Precision tasks like peg-in-hole insertion and building block assembly are foundational in robotic manufacturing, assembly lines, and educational robotics. These tasks challenge robotic systems to perform fine manipulation under uncertainty, requiring real-time perception, precise control, and robust error handling. Traditional control approaches rely on pre-calibrated setups and struggle with small variances in object position or shape.
With the rise of embedded AI and low-power neural inference hardware, it becomes possible to implement real-time visual servoing systems directly on the robot. This enables smarter, more adaptable robots capable of executing tight-tolerance insertion or stacking tasks in dynamic environments.
Objective
To develop a modular embedded AI-based visual servoing system for performing peg-in-hole and building block assembly tasks using a robotic manipulator. The system should combine vision-based perception, deep learning inference, and closed-loop control, running entirely on embedded hardware.
Key Tasks
- Literature Review
- Review visual servoing and learning-based insertion/assembly strategies.
- Study classical vs. learning-based peg-in-hole methods.
- Analyze embedded AI platforms for visual perception and control.
- System Architecture Design
- Design a modular system where visual perception, control, and feedback are separable components.

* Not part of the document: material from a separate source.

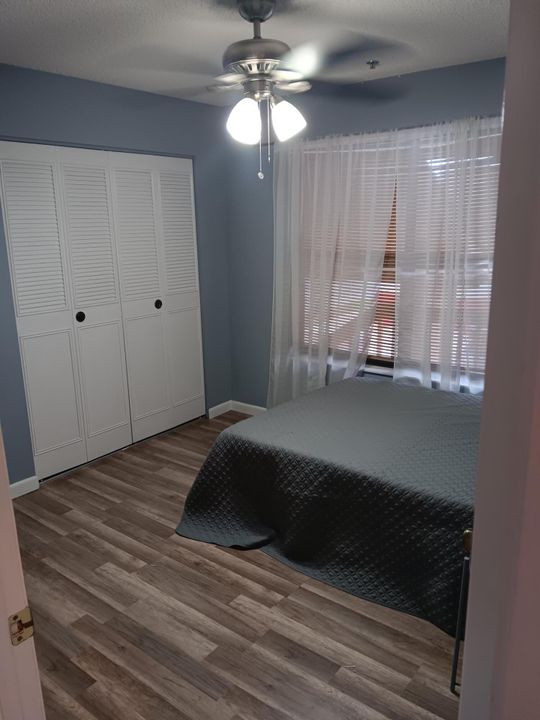 Под контрактом: $2,500 (3 спален, 2 ванн, 1300 Квадратных фут)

- Select appropriate embedded hardware (e.g., NVIDIA Jetson).
- Visual Perception & Pose Estimation
- Train or adapt lightweight object detection and pose estimation models for identifying peg, hole, and block positions.
- Deploy optimized models on embedded hardware for low-latency inference.
- Visual Reasoning and Motor Control Coordination
- Develop logic for interpreting visual inputs into discrete or continuous motor commands.
- Implement error-aware reasoning to handle visual ambiguities (e.g., partial occlusion, misalignment).
- Coordinate perception with trajectory updates for adaptive, incremental corrections during manipulation.
- Robotic Task Execution
- Peg-in-hole insertion with different tolerances and angles
- Building blocks stacked with precision
- Perform real-world experiments using a robotic arm and camera system for:
- Integrate force feedback (optional) to enhance insertion success.
- Benchmarking & Evaluation
- Compare embedded AI solution to baseline (e.g., open-loop or vision-only without feedback).
- Evaluate task success rate, insertion time, precision, and latency.
- Documentation
- Deliver a comprehensive thesis with implementation details, experimental results, and recommendations.
Expected Outcomes
- A working embedded AI visual servoing system for robotic insertion and block assembly tasks.
- Quantitative comparison of performance across task complexity, environmental variations, and insertion tolerances.
- A reusable framework for adaptive, embedded robotic manipulation in constrained tasks.
Requirements
- Strong interest in robotics, computer vision, and embedded AI.
- Experience with Python/C++, deep learning, and platforms such as ROS, PyTorch, or TensorFlow.
- Basic experience with robotic arm programming and control.